(Captioned web image data)
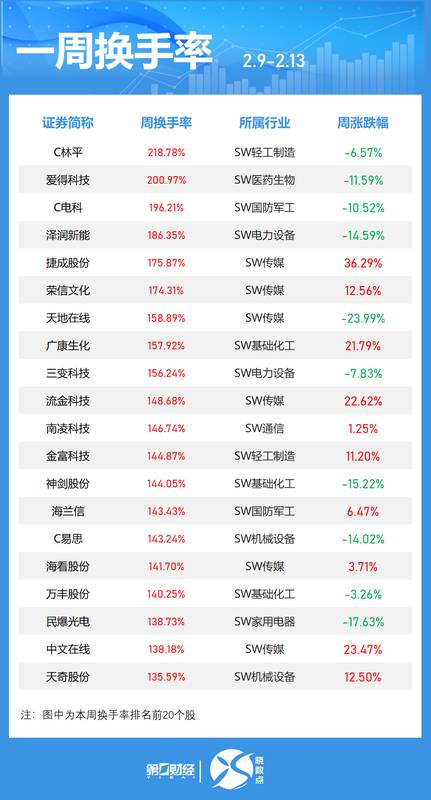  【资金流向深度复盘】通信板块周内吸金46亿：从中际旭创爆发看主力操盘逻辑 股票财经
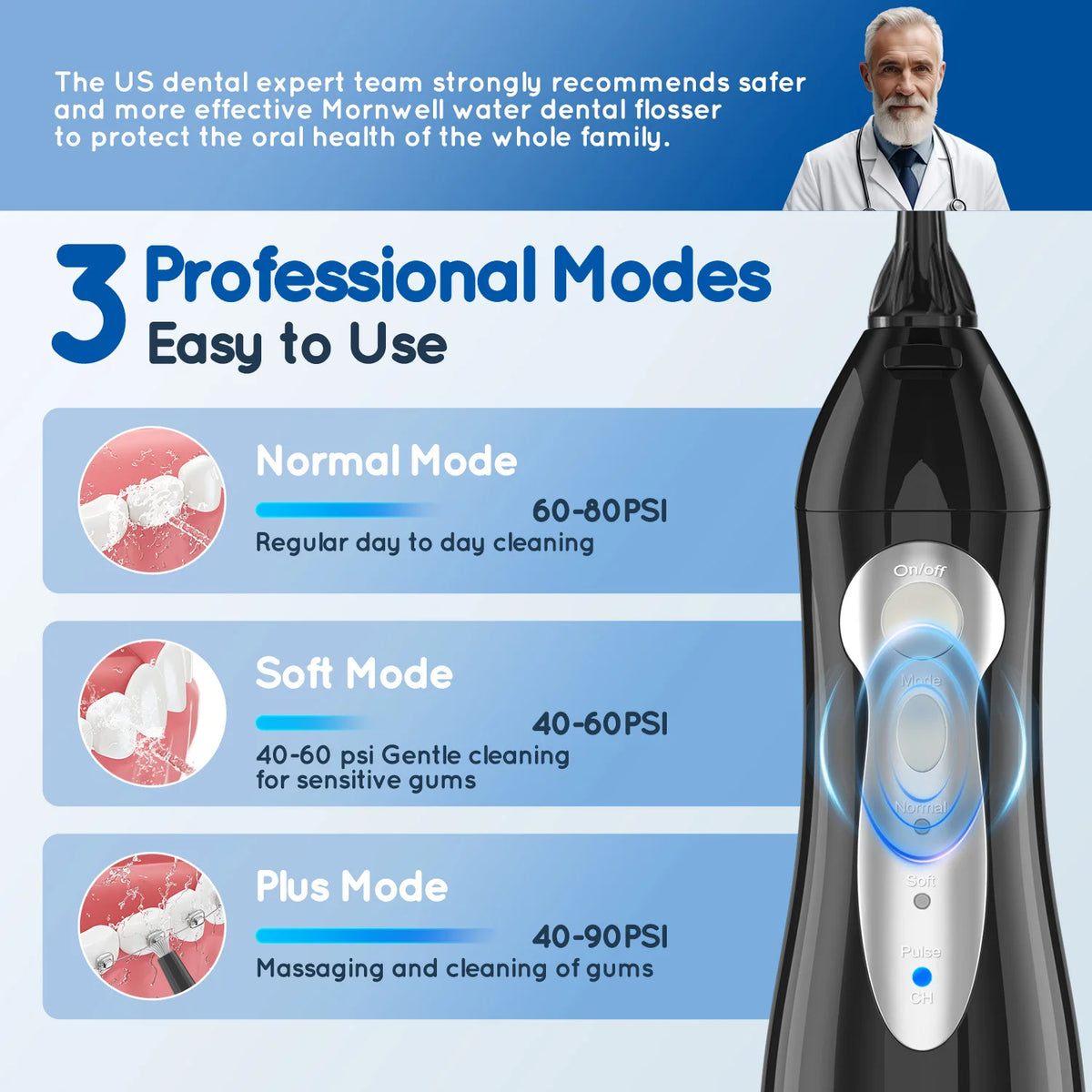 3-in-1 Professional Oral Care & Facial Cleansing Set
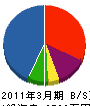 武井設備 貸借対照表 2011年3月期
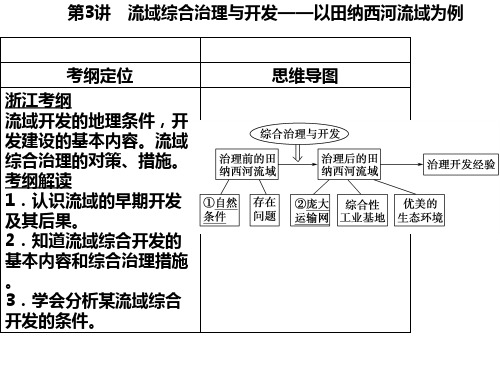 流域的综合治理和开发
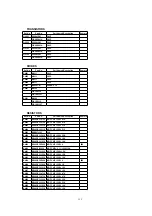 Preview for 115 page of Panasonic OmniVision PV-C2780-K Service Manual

** WORK ORDER **
Could each line of the data be written out exactly, with no pictures included?

** ANSWER SECTION **
  【资金流向深度复盘】通信板块周内吸金46亿：从中际旭创爆发看主力操盘逻辑 股票财经
 3-in-1 Professional Oral Care & Facial Cleansing Set
 武井設備 貸借対照表 2011年3月期
 流域的综合治理和开发
 Preview for 115 page of Panasonic OmniVision PV-C2780-K Service Manual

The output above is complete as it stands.